As every entrepreneur knows, sometimes the first idea that comes to you isn’t the one that sticks. For Twitter’s Biz Stone, the journey toward the popular micro-blogging site was a long, adventure-filled one. Stone recently spoke at Startup Grind in Silicon Valley and talked all about how connections take place and how important they are.
Stone started as creative director for the social media network Xanga in New York City, where he initiated the site’s move into blogging. Believing in the value of the democratization of ideas, he was an avid enthusiast of successful blogging platform Blogger in its early days.
Through his active participation in the blogging community, Stone was introduced to Evan Williams, whose blog he read and admired. He began to realize he had more in common with Williams’ way of thinking than his own team at Xanga. When Google bought Blogger, Stone made the bold move of reaching out to Williams, telling him, “I feel like I’m the missing seventh member of your team.”
Capturing attention.
It’s an approach that many have tried without success. But Stone’s letter to Williams paid off. Williams replied with an offer of employment. Stone believes his passion for blogging showed through. While Stone had been reading Williams’ blog, Williams had been reading his, as well.

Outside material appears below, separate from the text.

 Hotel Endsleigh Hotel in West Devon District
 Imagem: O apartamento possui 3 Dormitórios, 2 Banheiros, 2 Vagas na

“We liked each other mutually and he felt like I was the missing member of his team, too,” Stone says. “He pulled a lot of strings at Google because back in 2003, they weren’t hiring dropouts who didn’t know anything about computer science. They were hiring Ph.Ds. in computer science.”
Follow the person, not the idea.
Stone has come to realize that every significant decision he’s ever made has been because he followed a person, not an organization or idea. By leaving New York for Silicon Valley, Stone aligned himself with the person who would serve as his partner in forming Twitter in 2006. But the two didn’t form Twitter overnight.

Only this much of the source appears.